From c0060aefa776fb152aebc461b92bd62876e47bf2 Mon Sep 17 00:00:00 2001
From: Karol Blaszczak <karol.blaszczak@intel.com>
Date: Mon, 15 May 2023 10:48:32 +0200
Subject: [PATCH] Prepare "memory_optimization_guide.md" (#17022) (#17498)

---------

Co-authored-by: Vitaliy Urusovskij <vitaliy.urusovskij@intel.com>
---
 .../dldt_deployment_optimization_guide.md     |  1 +
 .../memory_optimization_guide.md              | 51 +++++++++++++++++++
 2 files changed, 52 insertions(+)
 create mode 100644 docs/optimization_guide/memory_optimization_guide.md

diff --git a/docs/optimization_guide/dldt_deployment_optimization_guide.md b/docs/optimization_guide/dldt_deployment_optimization_guide.md
index 8dfad7f088d..567af96d8d7 100644
--- a/docs/optimization_guide/dldt_deployment_optimization_guide.md
+++ b/docs/optimization_guide/dldt_deployment_optimization_guide.md
@@ -13,6 +13,7 @@
    openvino_docs_deployment_optimization_guide_tput_advanced
    openvino_docs_OV_UG_Preprocessing_Overview
    openvino_docs_deployment_optimization_guide_internals
+   openvino_docs_memory_optimization_guide
 
 
 Runtime optimization, or deployment optimization, focuses on tuning inference parameters and execution means (e.g., the optimum number of requests executed simultaneously). Unlike model-level optimizations, they are highly specific to the hardware and case they are used for, and often come at a cost.
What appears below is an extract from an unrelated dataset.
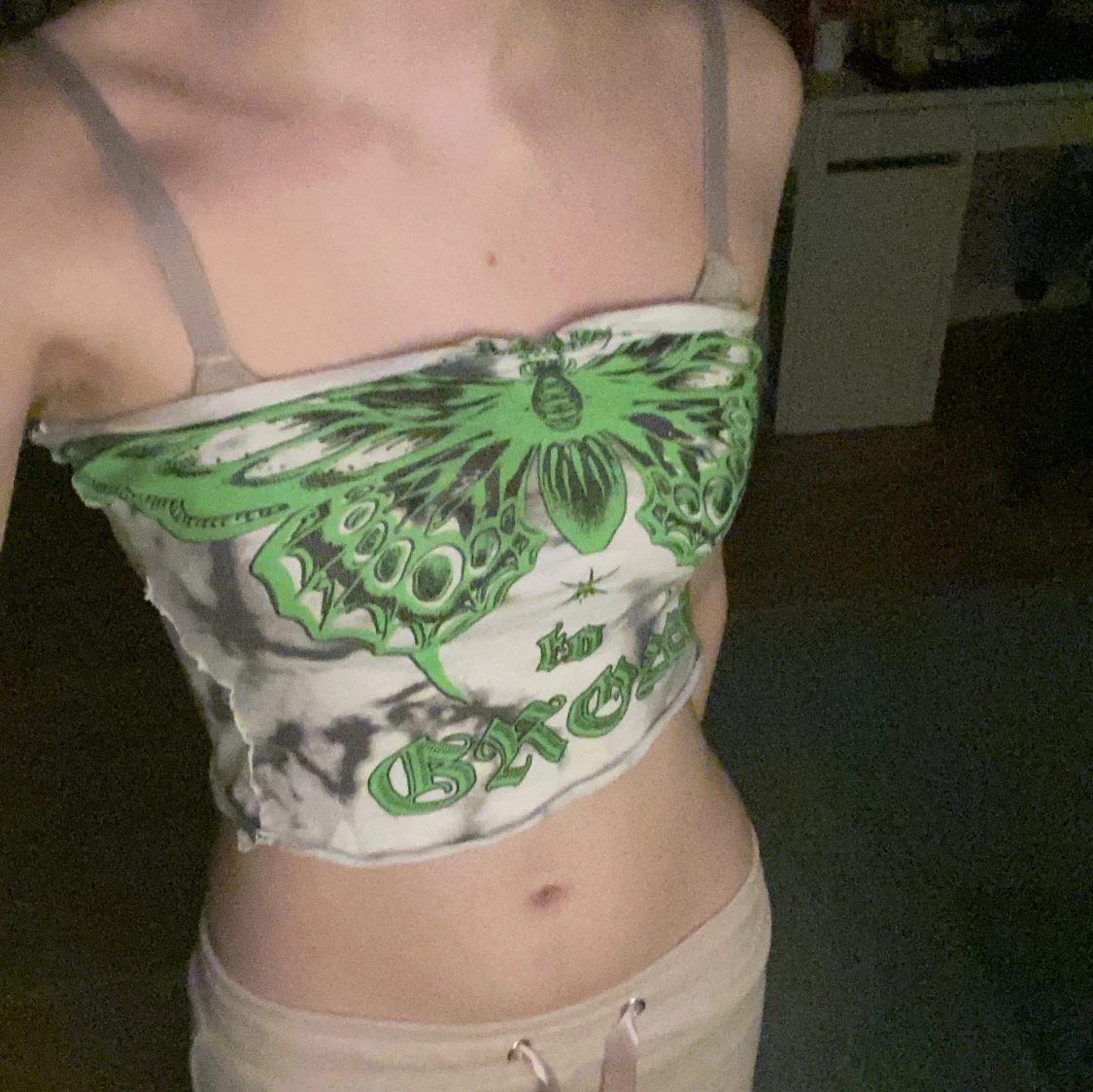 Grön och svart tubtop med fjärilsmotiv - 2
diff --git a/docs/optimization_guide/memory_optimization_guide.md b/docs/optimization_guide/memory_optimization_guide.md
new file mode 100644
index 00000000000..20991b0f5be
--- /dev/null
+++ b/docs/optimization_guide/memory_optimization_guide.md
@@ -0,0 +1,51 @@
+# Optimizing memory usage {#openvino_docs_memory_optimization_guide}
+
+@sphinxdirective
+
+.. warning::
+
+   Before applying any of the recommendations provided here, note that it may significantly impact first inference latency. 
+
+The most RAM-consuming OpenVINO stage is model compilation. It may cause several issues:
+
+* Not enough memory to compile a model. To decrease memory requirement, the following options may be applied: 
+  
+  * Weights mapping - memory mapping (using ``mmap``) has been introduced as the default way to work
+    with weights. Currently, this feature is supported by the IR frontend.
+    Mapping may be switched by specifying the ``ov::enable_mmap(BOOL)`` property for the ``ov::Core``.
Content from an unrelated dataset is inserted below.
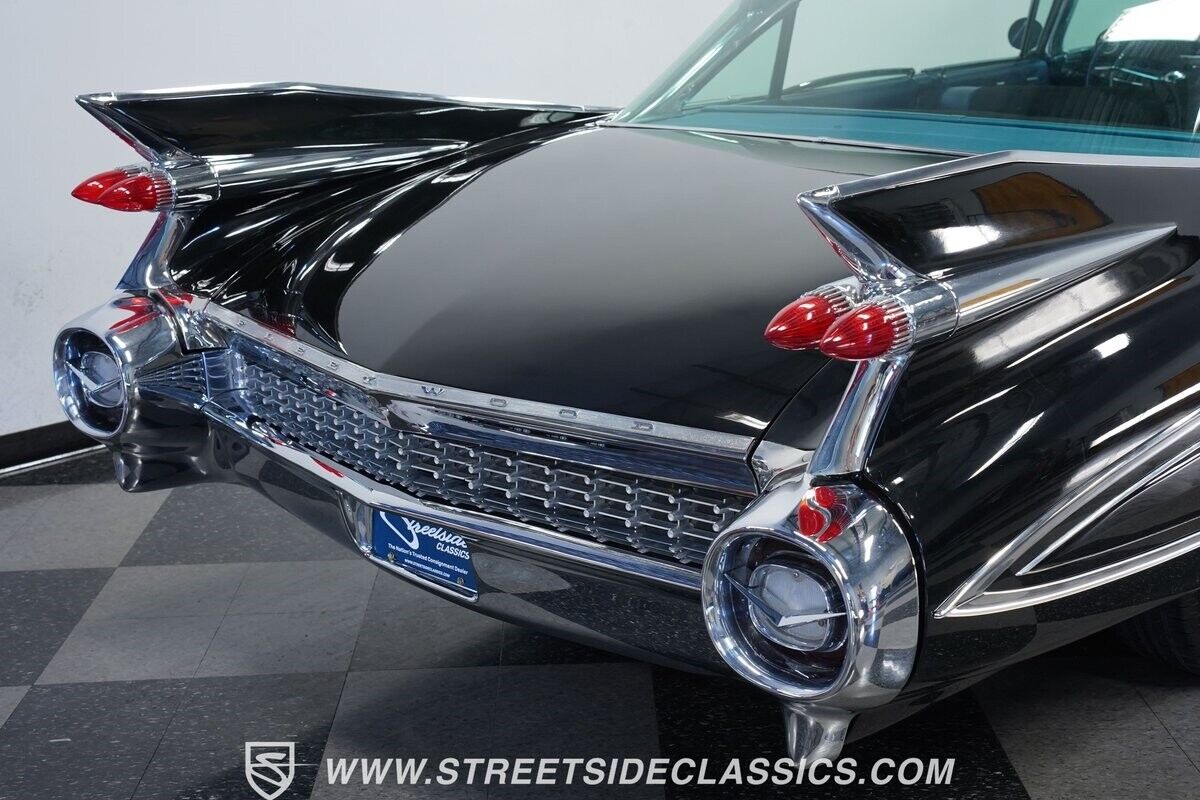 Cadillac-Series-60-Coupe-1959-25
+    Because of its "memory-on-demand" nature, there is no need to store all weights
+    in RAM. Storing just the data that is needed at the moment lowers the amount of memory
+    required for compilation. Moreover, ``mmap`` provides extensive memory sharing, so the
+    consecutive compilation of the same model will fetch the information already stored in RAM
+    instead of reading it one more time from storage.
+
+  * Decrease the number of threads for compilation - to change the number of threads, specify
+    the ``ov::compilation_num_threads(NUMBER)`` property for the ``ov::Core`` or pass it as an additional 
+    argument to ``ov::Core::compile_model()``
+
+* Not enough memory to recompile a model. If model compilation is successful but one of the following recompilations fails due lack of resources, it may be caused by:
+
+  * Memory leak - to determine direct leaks, you can use tools like 'address-sanitizer' or
+    'valgrind'. In case of indirect leaks, which cannot be caught by tools, peak RAM (VMHWM)
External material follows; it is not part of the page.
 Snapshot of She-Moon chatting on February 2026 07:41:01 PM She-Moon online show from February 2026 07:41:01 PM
+    may be tracked (you can use tests/stress_tests/memleaks_tests as a tracking tool). If you
+    experience significant memory usage increase, report it in 
+    `Github "Issues" <https://github.com/openvinotoolkit/openvino/issues>`__
+
+  * Memory allocator behavior - each allocator works according to a unique strategy and
+    balances between performance and memory usage. For example, the GNU allocator aggressively
+    requests from the OS for more memory for consecutive model compilations than was
+    required for the first compilation (such behavior may be determined by tracking actual RAM
+    (VMRSS) after compilation - it will grow until some stable point). To optimize memory
+    pressure, the following options are available:
+
+    * Apply ``malloc_trim(0)``. The function attempts to release free memory even from thread
+      caches, so it may signifficantly decrease and stabilize VMRSS usage
+
+    * Use glibc ``Tunables``. A couple of promising options are:
+      ``glibc.malloc.trim_threshold`` and `glibc.malloc.arena_max`. 
+      More details on the two may be found in the 
+      `GNU Tunables Manual <https://www.gnu.org/software/libc/manual/html_node/Tunables.html>`__
+
+    * Try another allocator. One of the allocators that handles memory carefully is ``jemalloc``
+
+@endsphinxdirective